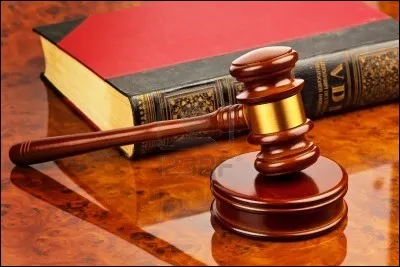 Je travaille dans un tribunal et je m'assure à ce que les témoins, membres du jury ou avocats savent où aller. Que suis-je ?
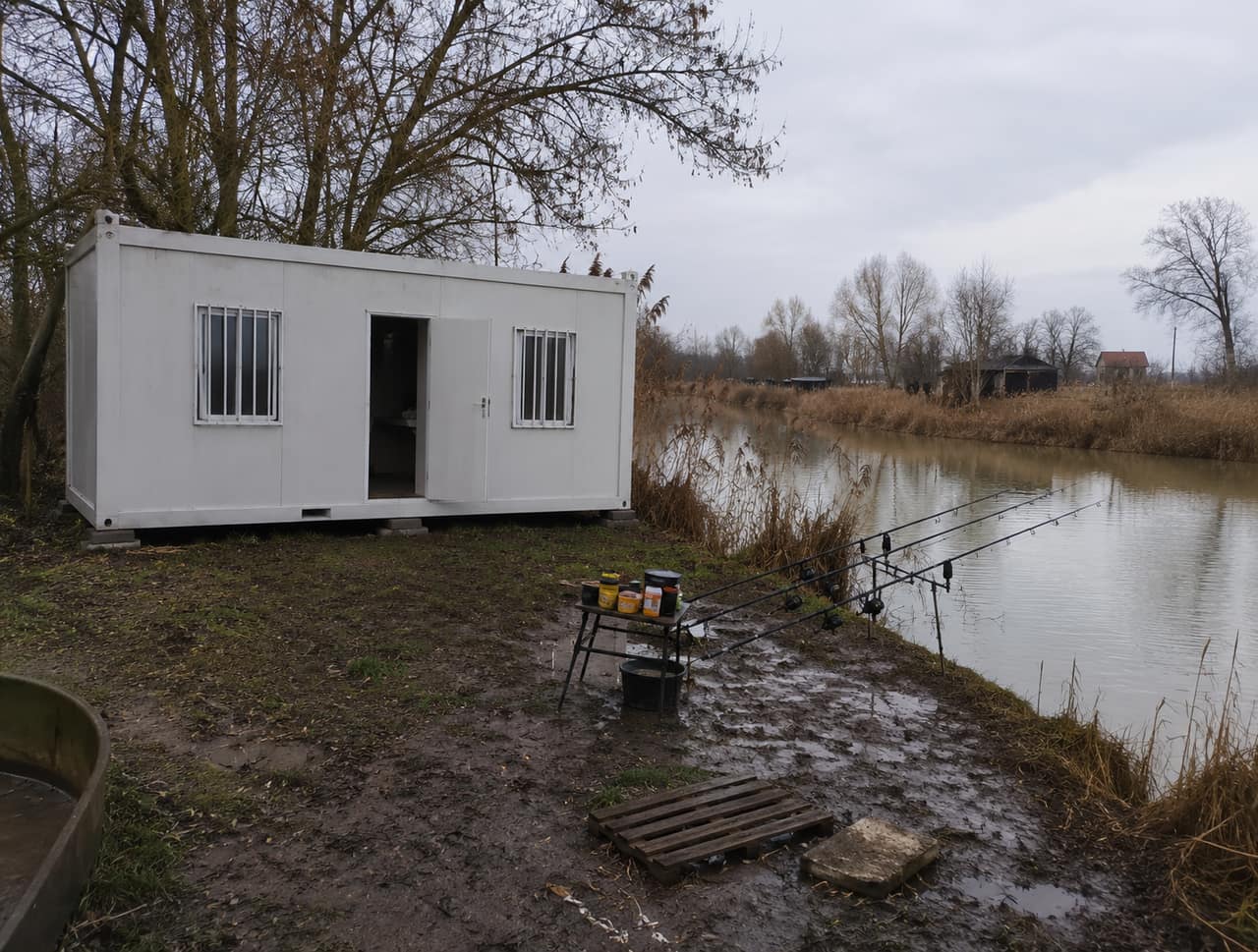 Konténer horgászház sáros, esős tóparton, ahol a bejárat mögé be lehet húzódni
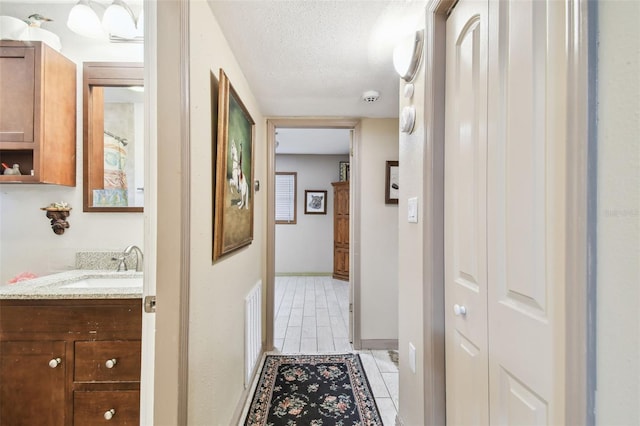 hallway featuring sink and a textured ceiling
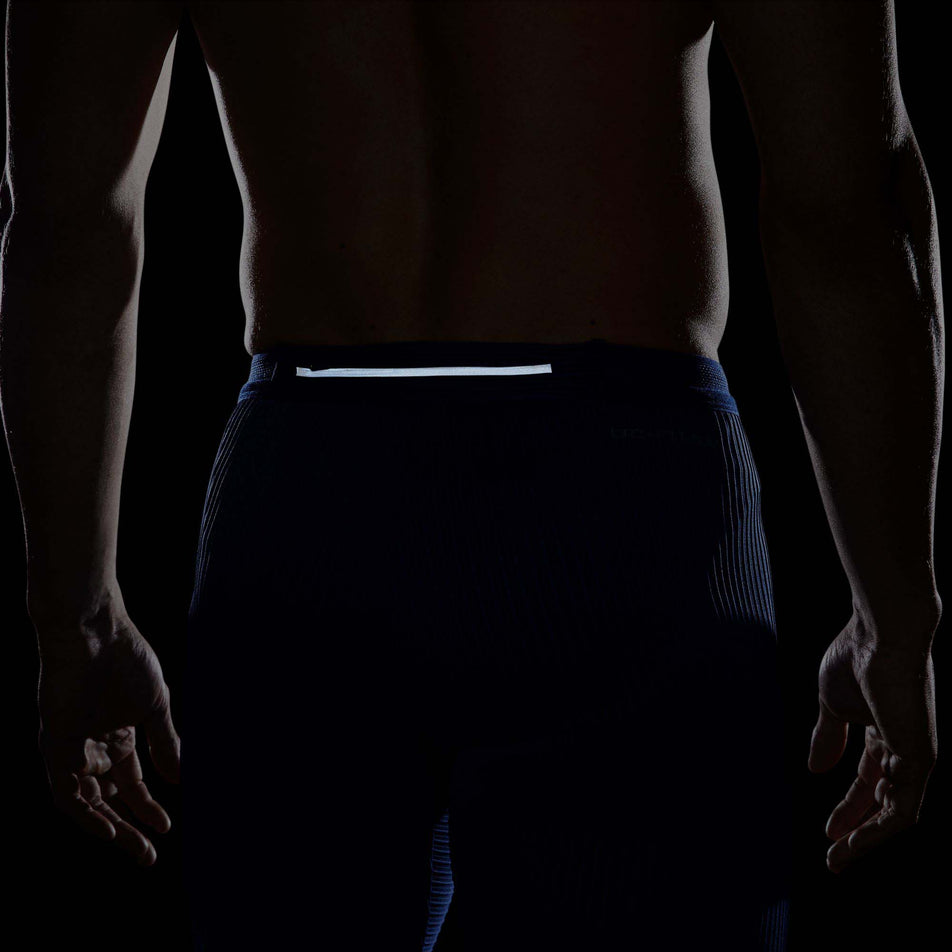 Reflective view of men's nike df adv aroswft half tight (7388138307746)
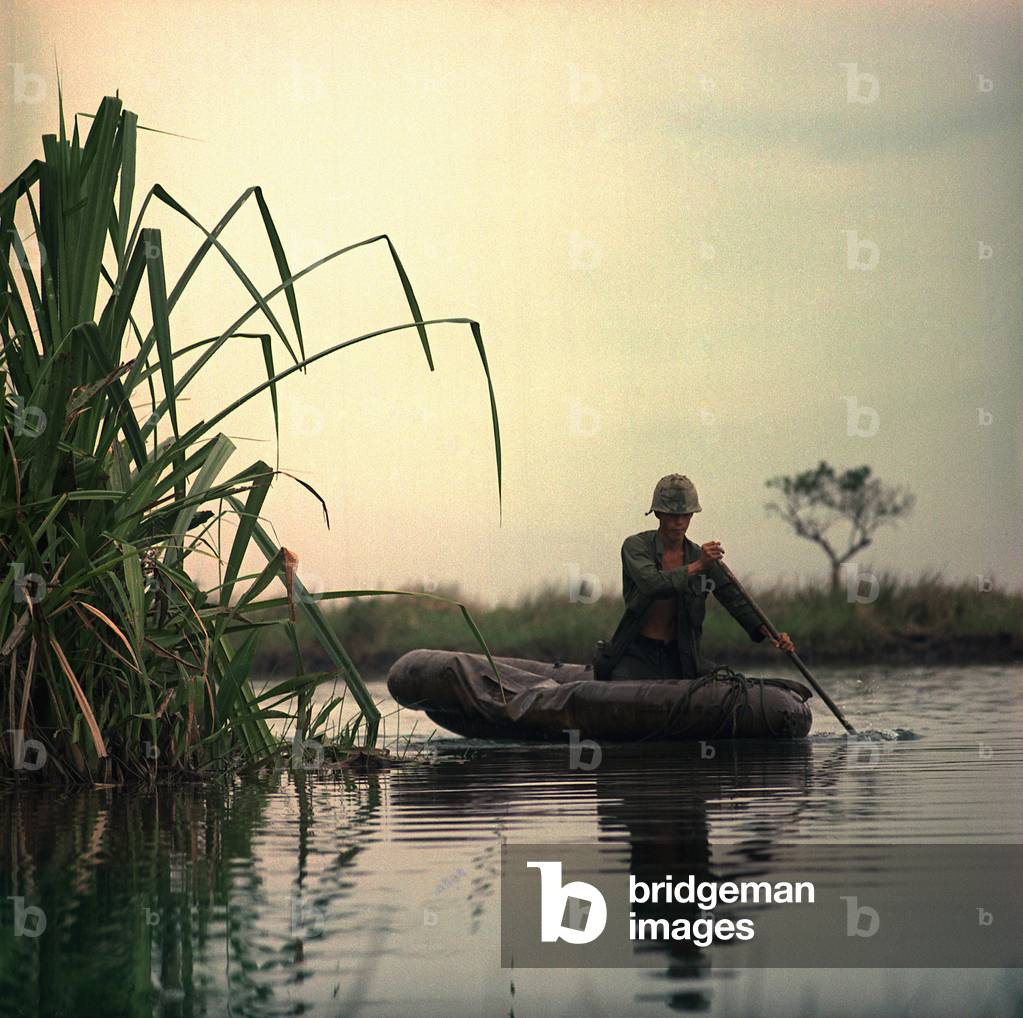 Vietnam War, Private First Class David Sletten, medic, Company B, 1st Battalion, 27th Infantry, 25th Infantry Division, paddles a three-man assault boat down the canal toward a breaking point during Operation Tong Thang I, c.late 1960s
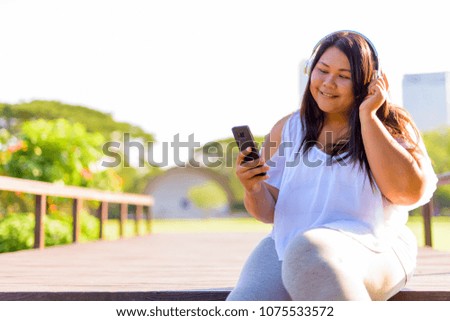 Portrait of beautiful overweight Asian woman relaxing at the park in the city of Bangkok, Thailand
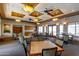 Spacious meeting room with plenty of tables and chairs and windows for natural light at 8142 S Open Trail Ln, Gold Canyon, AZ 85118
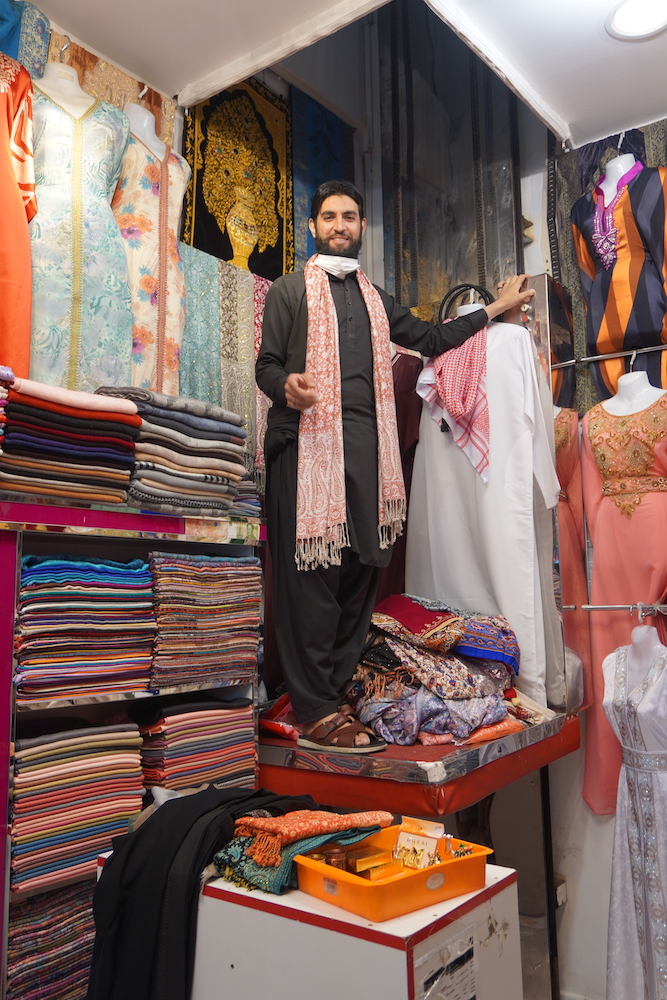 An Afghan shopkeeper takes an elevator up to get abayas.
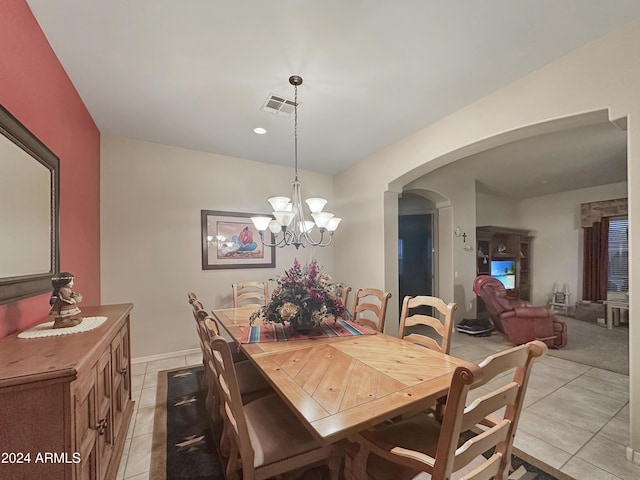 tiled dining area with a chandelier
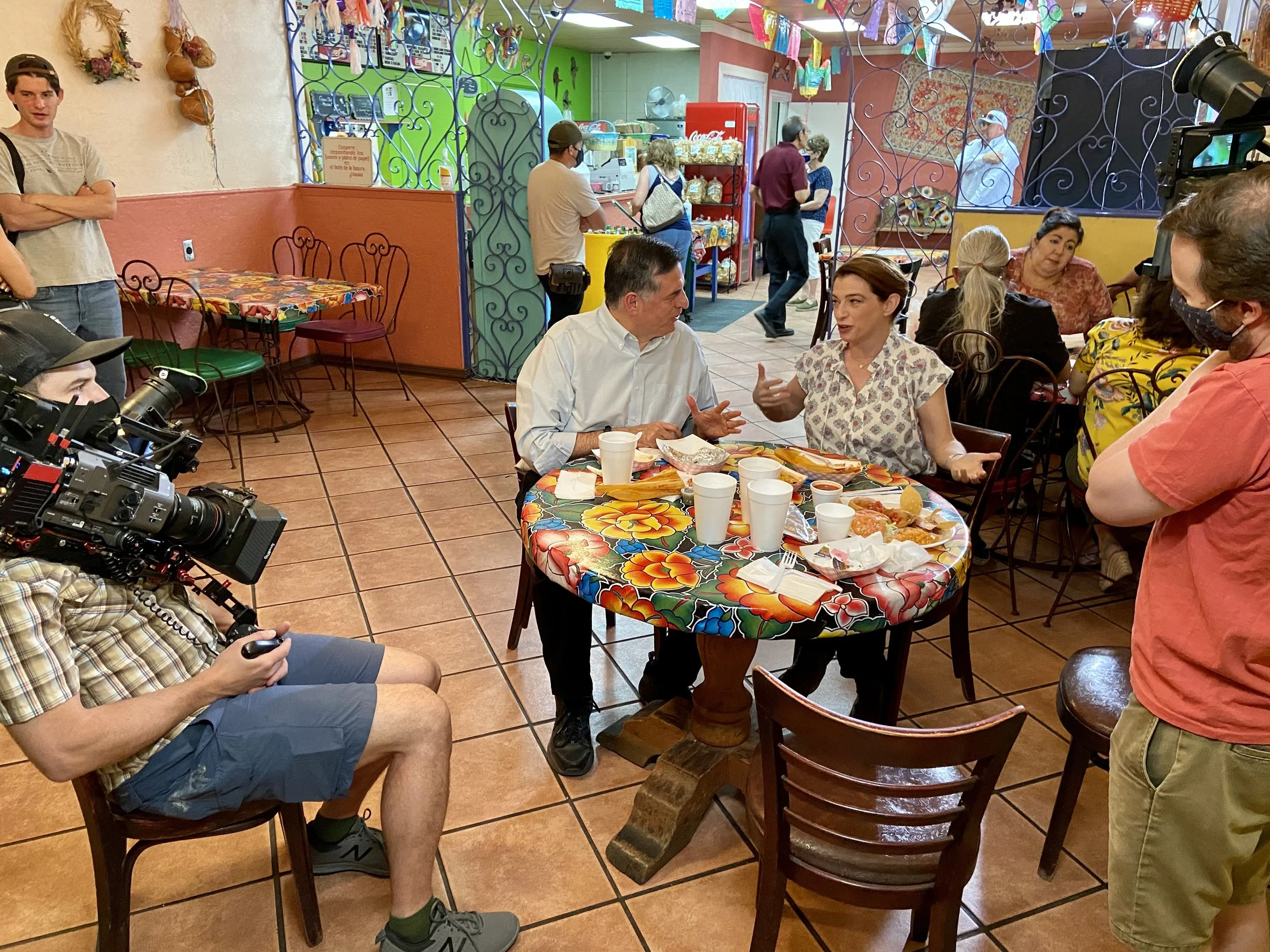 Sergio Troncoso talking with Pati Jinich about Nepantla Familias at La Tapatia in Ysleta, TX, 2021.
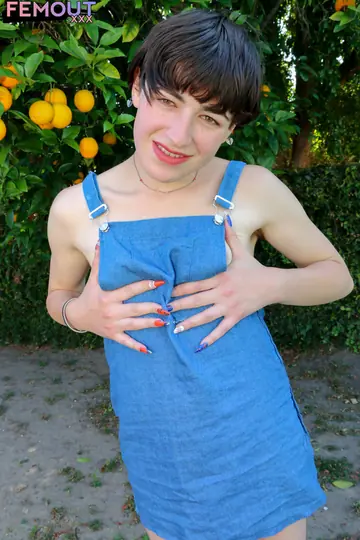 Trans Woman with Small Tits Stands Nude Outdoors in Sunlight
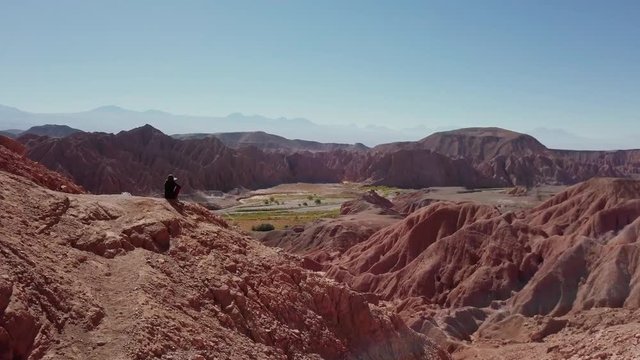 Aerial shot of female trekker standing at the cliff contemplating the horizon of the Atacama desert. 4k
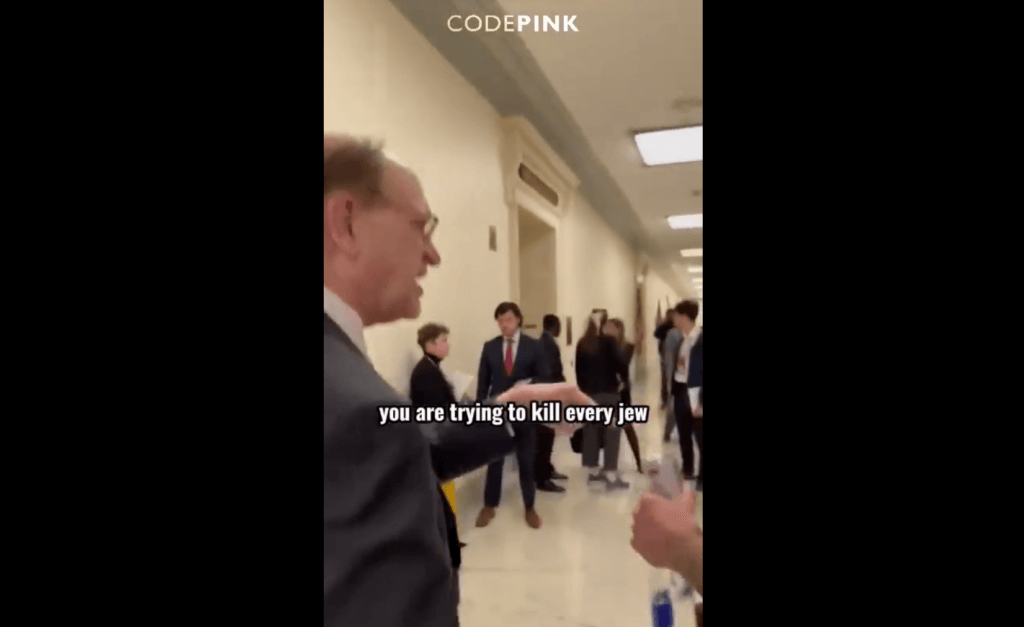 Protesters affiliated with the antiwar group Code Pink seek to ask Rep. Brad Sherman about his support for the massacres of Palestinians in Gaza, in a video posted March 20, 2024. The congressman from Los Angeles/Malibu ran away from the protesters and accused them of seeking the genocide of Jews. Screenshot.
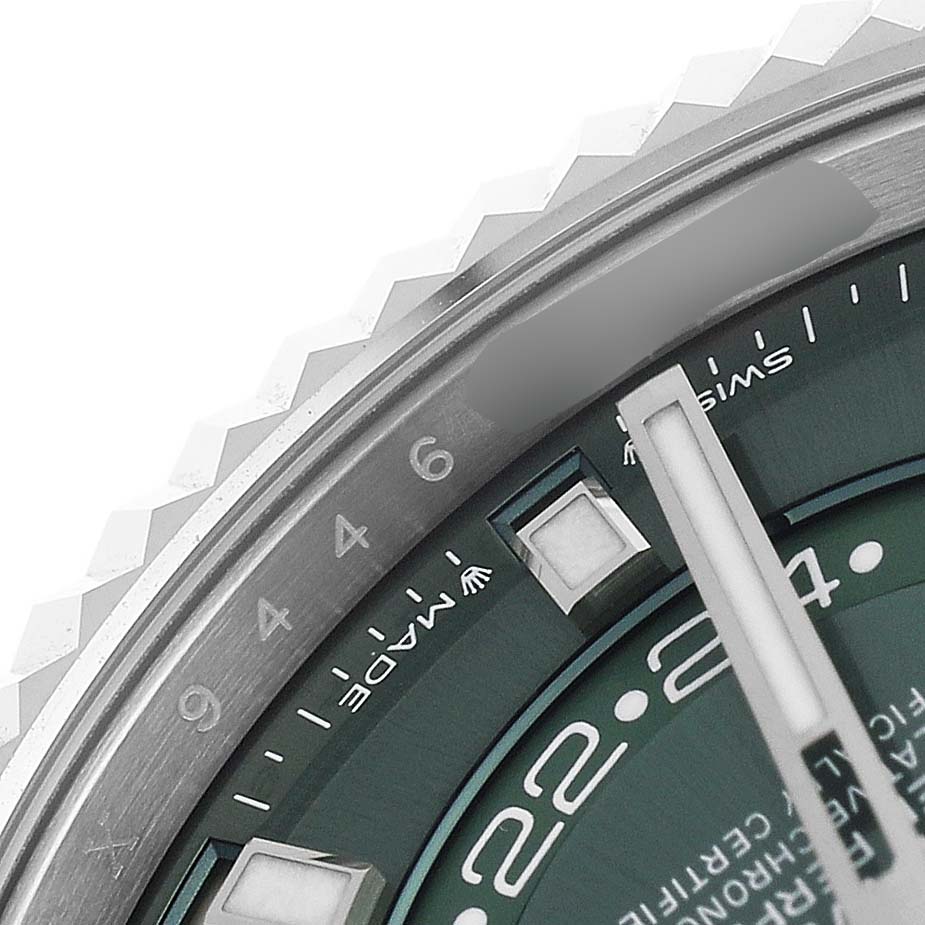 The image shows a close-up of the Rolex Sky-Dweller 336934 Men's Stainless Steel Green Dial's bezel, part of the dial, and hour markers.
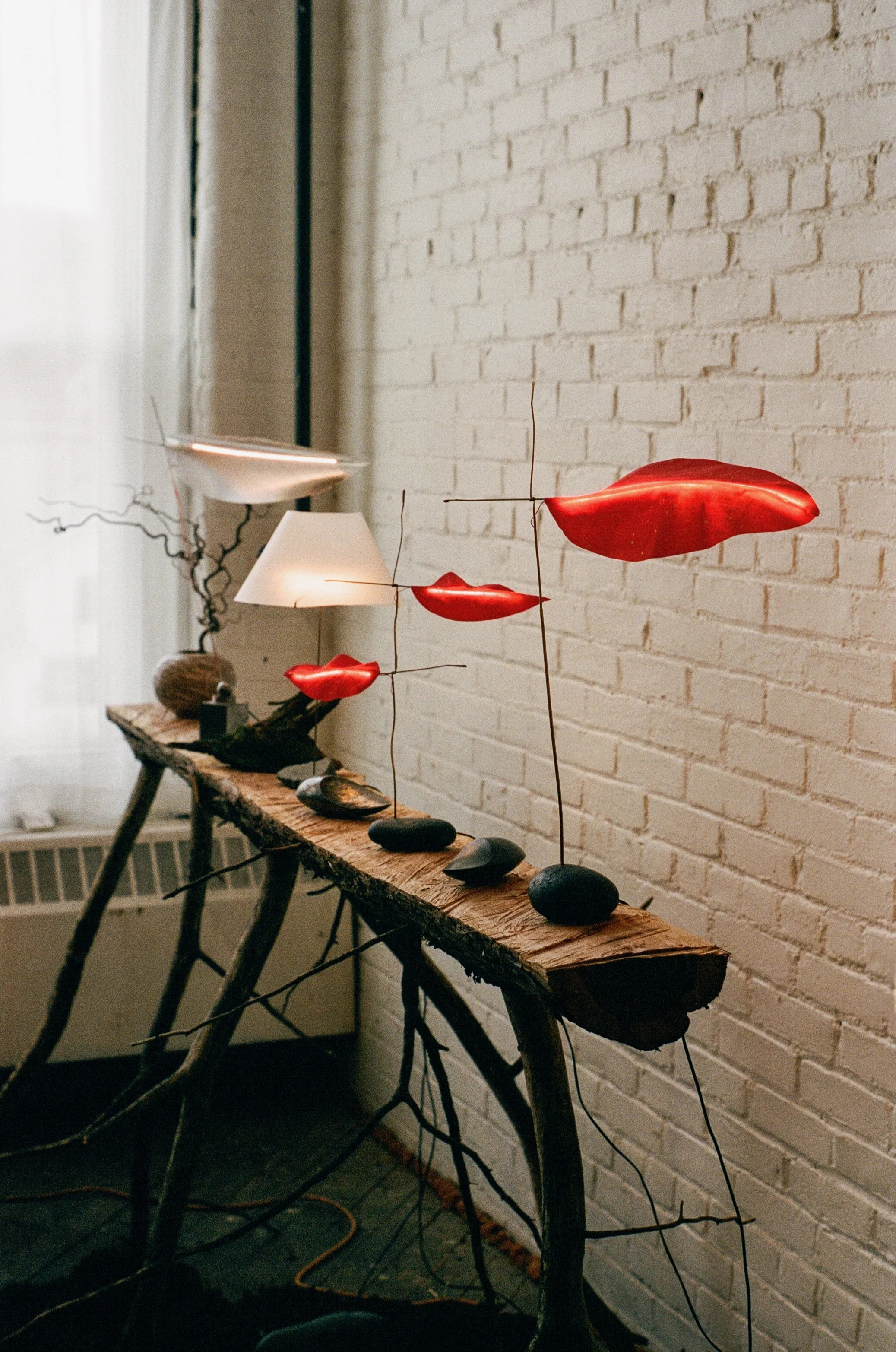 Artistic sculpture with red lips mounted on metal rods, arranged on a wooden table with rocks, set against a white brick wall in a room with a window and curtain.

**YOUR ASSIGNMENT**
Your answer must be exactly the lines from the one with "Trans Woman with" through the final line of the data, with no pictures in it.

**COMPLETED EXERCISE**
 Trans Woman with Small Tits Stands Nude Outdoors in Sunlight
 Aerial shot of female trekker standing at the cliff contemplating the horizon of the Atacama desert. 4k
 Protesters affiliated with the antiwar group Code Pink seek to ask Rep. Brad Sherman about his support for the massacres of Palestinians in Gaza, in a video posted March 20, 2024. The congressman from Los Angeles/Malibu ran away from the protesters and accused them of seeking the genocide of Jews. Screenshot.
 The image shows a close-up of the Rolex Sky-Dweller 336934 Men's Stainless Steel Green Dial's bezel, part of the dial, and hour markers.
 Artistic sculpture with red lips mounted on metal rods, arranged on a wooden table with rocks, set against a white brick wall in a room with a window and curtain.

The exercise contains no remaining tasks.